Singapore’s central bank has said its macroprudential measures have achieved “some degree of success” to cool the property and car markets and it will recalibrate them as market conditions change.
Ravi Menon, managing director of the Monetary Authority of Singapore (MAS), was reported saying that its macroprudential measures will support monetary policy and financial supervisory policies to secure sustainable asset prices and financial stability.
He said the central bank faces several key challenges ahead when implementing policies.
Externally, these include a “wall of money” and low interest rates that could potentially set off asset market bubbles.

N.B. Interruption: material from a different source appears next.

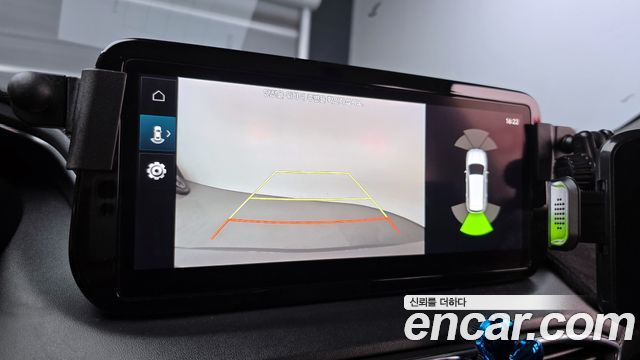 Hyundai Santafe 2021 — photo 16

These could in turn affect consumer price stability and financial stability.
Domestically, Singapore is also facing a “demographic cliff that will tighten labour markets” and potentially set off a wage-price spiral that could unhinge inflation expectations.
Recently, Mr Menon said the MAS had to step in to moderate price increases in the property and car markets.
It was concerned that a sharp rise in asset prices could have implications for both price stability and financial stability. Spikes in Certificate of Entitlement (COE) prices could also affect consumer price stability.
As a result of MAS’ measures, “property prices finally appear to be stabilising,” Mr Menon said, with price increases dipping below 2 per cent last quarter compared to the previous quarter. COE premiums for cars have dropped 25 per cent since MAS’ restrictions on car financing in February.
Meanwhile, Mr Menon said MAS’ exchange rate-centred monetary policy remains relevant and the central bank will continue to use the exchange rate as its monetary policy tool to keep inflation in check.
He said: “Singapore’s fundamentals remain sound. Fiscal prudence, financial discipline, minimising debt and living within our means will provide us policy space and buffer to weather whatever comes ahead. This is an advantage most countries do not have.”